MM-Vet v2: A Challenging Benchmark to Evaluate Large Multimodal Models for Integrated Capabilities [146.4724093405187]
MM-Vet v2は、"image-text sequence understanding"と呼ばれる新しい"image-text sequence understanding"機能を含んでいる。 MM-Vet v2を用いて大規模マルチモーダルモデルのベンチマークを行った結果,Claude 3.5 Sonnetはスコア71.8の最良のモデルであり,スコア71.0のGPT-4oより若干優れていた。
論文参考訳（メタデータ） (2024-08-01T17:59:54Z)
BEAF: Observing BEfore-AFter Changes to Evaluate Hallucination in Vision-language Models [20.697019266074747]
視覚言語モデル(VLM)は、視覚エンコーダと大型言語モデル(LLM)を組み合わせて世界を認識する。近年の研究では、VLMは幻覚に弱いことが示されている。我々は、True Understanding (TU)、IGnorance (IG)、StuBbornness (SB)、InDecision (ID)といった新しいメトリクスを紹介します。

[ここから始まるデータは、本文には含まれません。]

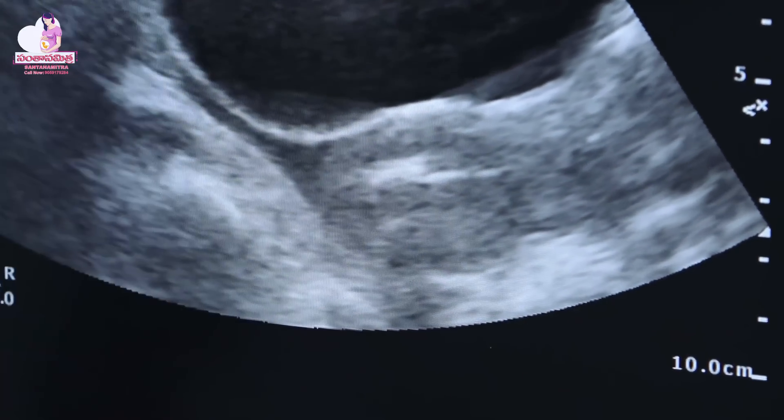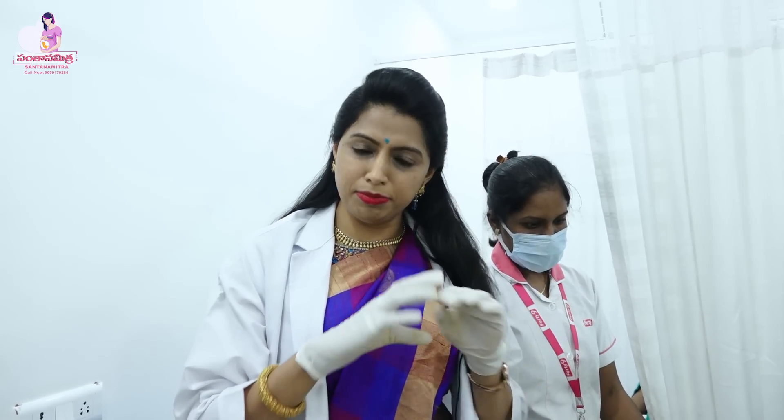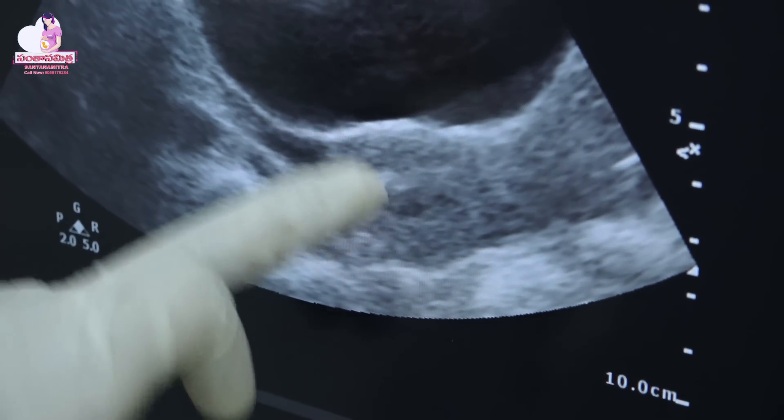We insert the husband's sperm inside the uterus. The patient should lie down for 5 to 10 minutes after the process. This is the endometrium cavity. After this process, a lady will do IUI and after 5 to 10 minutes she will take rest, lying down in her particular position. After 5 to 10 minutes, the doctor will give a prescription.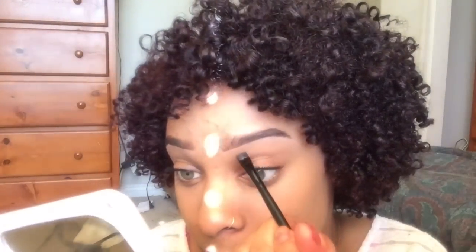Once I'm done blending out my concealer, I'm basically finished. I hope you guys enjoyed this tutorial — thank you so much for watching!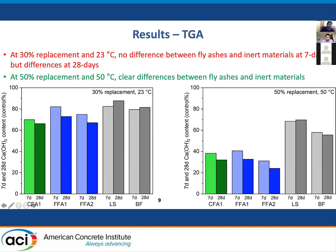Looking at TGA: there's not much difference between reactive and inert materials at seven days. At 28 days, there is actually a difference, though you can argue whether it's significant. But at 50% replacement and 50°C, there is an obvious difference between the reactive materials and the unreactive materials. If you increase the temperature and the replacement, you will enhance the differences between reactive and inert materials.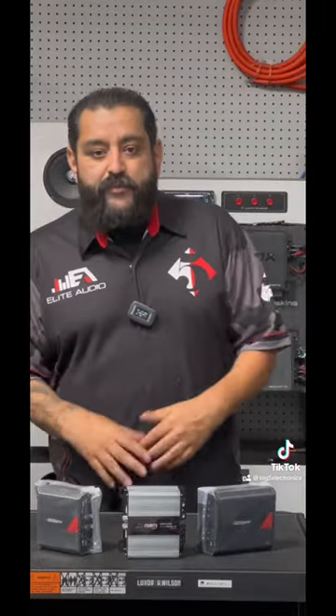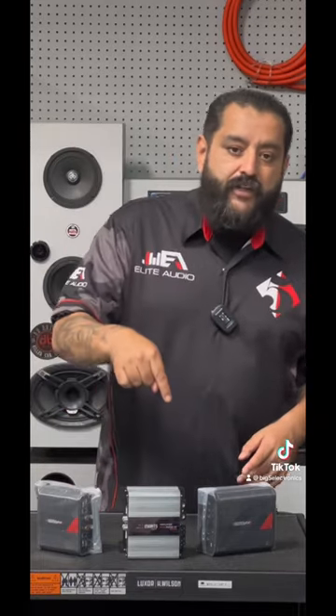Check it out guys, it's the battle of the micro amps — mini amps, whatever you want to call it. We got three different amps here: two by Sound Digital, one from Marx. Going to hook up all three and see which one sounds best. I think I'm going to do a couple 6x9s and a sub per amp to see what's really pushing. So which one do you think is going to sound the best — the Sound Digital or the Marx? Let me know in the comments.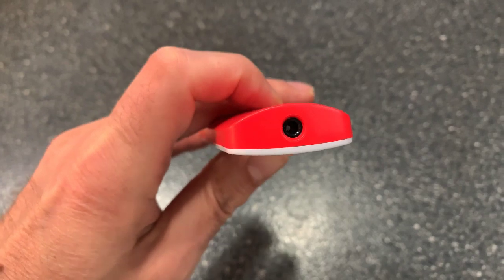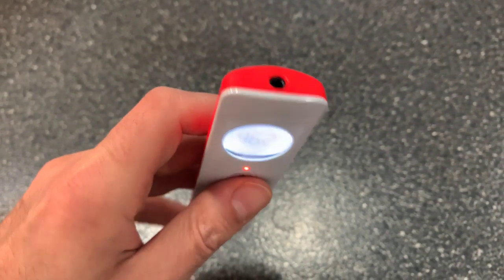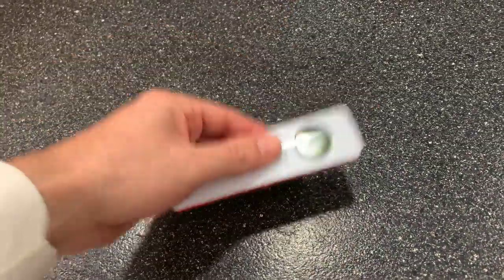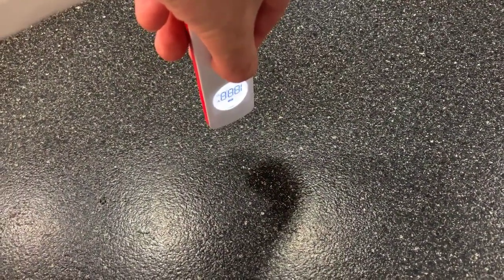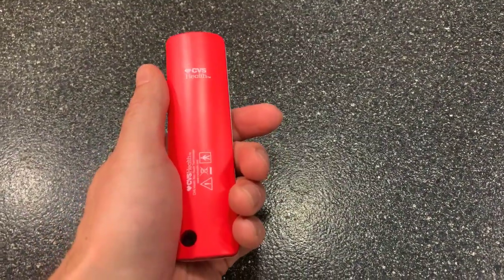Here's what it looks like from the sensing area — you're going to just kind of put it like this. If the table was your forehead, all you have to do is go like this, hit the button, and then it would tell you the temperature. Really cool device, kind of blew my mind.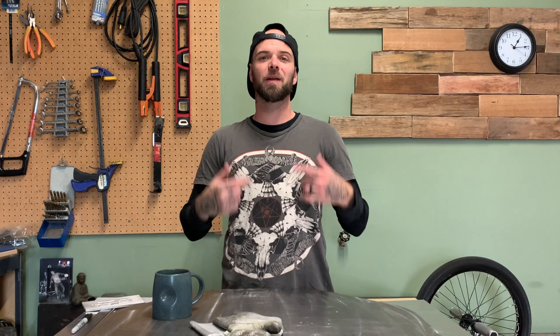Hey everyone, welcome to another episode from Pacific Arc TIG Welding. My name is Dusty. In today's episode, we're gonna do a part two of the filler rod technique series.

論文参考訳（メタデータ） (2024-07-18T12:11:12Z)
WildVision: Evaluating Vision-Language Models in the Wild with Human Preferences [122.87483437694706]
WildVision-Arena(WV-Arena)は、人間の好みを収集して視覚言語モデル(VLM)を評価するオンラインプラットフォームです。 WV-ベンチは、それぞれのVLMとClaude-3-Sonnetを比較し、WV-Arena Eloの0.94のスピアマン相関を達成している。実世界の20万件のインタラクションを包括的に分析した結果,トップパフォーマンスのVLMの障害事例に対する重要な洞察が得られた。

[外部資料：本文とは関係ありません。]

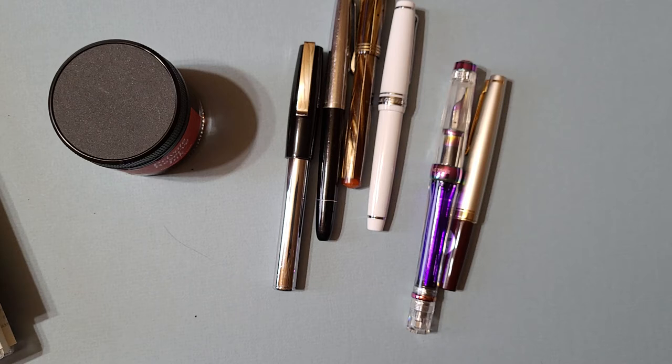I might also talk to other people who are into the fountain pen hobby and have collections they'd like to share. That'd be kind of neat — pen talks with other pen geeks. That could be really cool.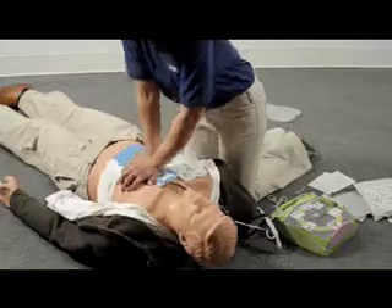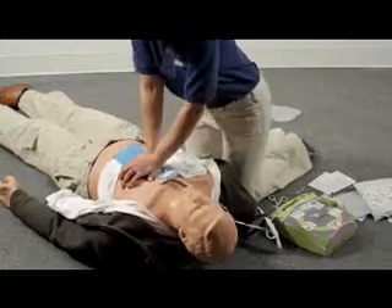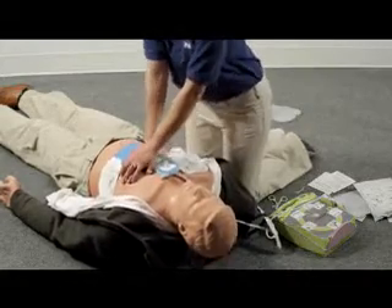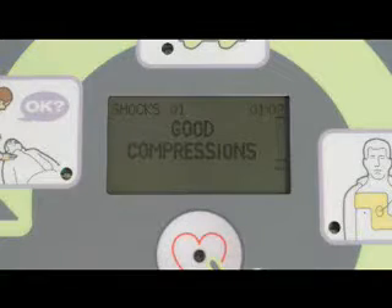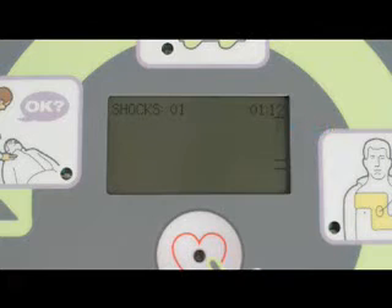After being told to push harder, if your compressions reach at least 2 inches again, the AED Plus will let you know. The AED Plus will also give you a real-time display of each chest compression on the bar gauge. The upper line represents 2 inches, while the lower line represents 2½ inches. Each compression should be deep enough to at least touch the upper line.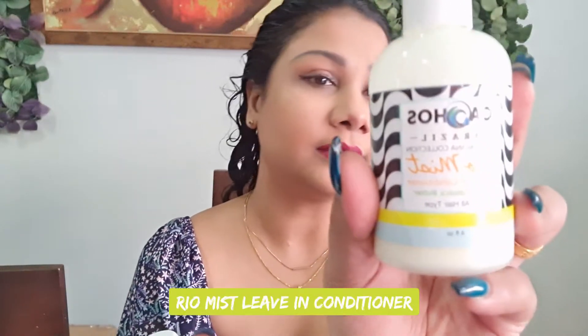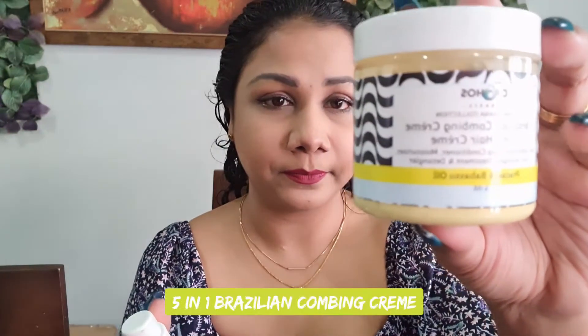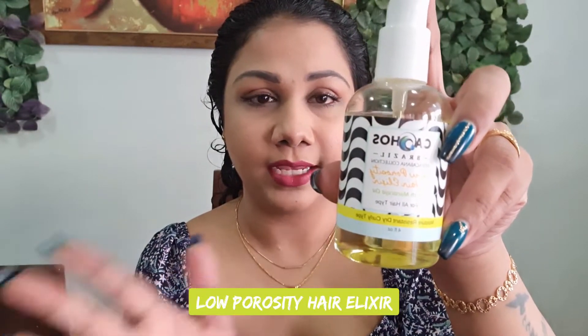I'll be doing a review on their Copacabana set. In the set they have three products: the first one is the Rio Mist leave-in conditioner, then they have the five-in-one combing cream, and they have the low porosity elixir and high porosity one — two different ones depending on what type your hair is, whether it's high porosity or low porosity. Mine is low porosity so I got that one.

論文参考訳（メタデータ） (2024-06-16T20:53:25Z)
An Introduction to Vision-Language Modeling [128.6223984157515]
視覚言語モデル(VLM)の応用は、我々の技術との関係に大きな影響を与えるだろう。 VLMとは何か、どのように動作するのか、どのようにトレーニングするかを紹介します。本研究は,主に画像から言語へのマッピングに焦点を当てるが,ビデオへのVLMの拡張についても論じる。
論文参考訳（メタデータ） (2024-05-27T15:01:23Z)
Prometheus-Vision: Vision-Language Model as a Judge for Fine-Grained Evaluation [31.062433484245684]
Prometheus-Visionは,評価中のユーザ定義スコアの理解が可能な,オープンソースのVLM評価モデルである。 Prometheus-Visionは、オープンソースのモデルの中で、人間の評価器とGPT-4Vとピアソンの相関が最も高いことを示している。
論文参考訳（メタデータ） (2024-01-12T14:19:23Z)
LMSYS-Chat-1M: A Large-Scale Real-World LLM Conversation Dataset [75.9621305227523]
LMSYS-Chat-1M(LMSYS-Chat-1M)について紹介する。このデータセットは、VicunaのデモとArenaのWebサイトで、210KのIPアドレスから収集されています。 GPT-4と同様の動作を行うコンテンツモデレーションモデルの開発、安全性ベンチマークの構築、Vicunaと同様の動作を行う命令追従モデルのトレーニング、挑戦的なベンチマーク問題の作成、という4つのユースケースを通じて、その汎用性を実証する。
論文参考訳（メタデータ） (2023-09-21T12:13:55Z)
TikTalk: A Video-Based Dialogue Dataset for Multi-Modal Chitchat in Real World [97.58623810402563]
我々はTikTalkと呼ばれるビデオベースのマルチモーダル対話データセットを導入する。人気ビデオ共有プラットフォームから38Kのビデオを収集し、その下のユーザーから367Kの会話を投稿した。ユーザーはビデオのマルチモーダルな体験に基づいて自発的な会話をし、現実世界のchitchatコンテキストを再現する。
論文参考訳（メタデータ） (2023-01-14T10:18:22Z)

関連論文リストは本サイト内にある論文のタイトル・アブストラクトから自動的に作成しています。

指定された論文の情報です。
本サイトの運営者は本サイト（すべての情報・翻訳含む）の品質を保証せず、本サイト（すべての情報・翻訳含む）を使用して発生したあらゆる結果について一切の責任を負いません。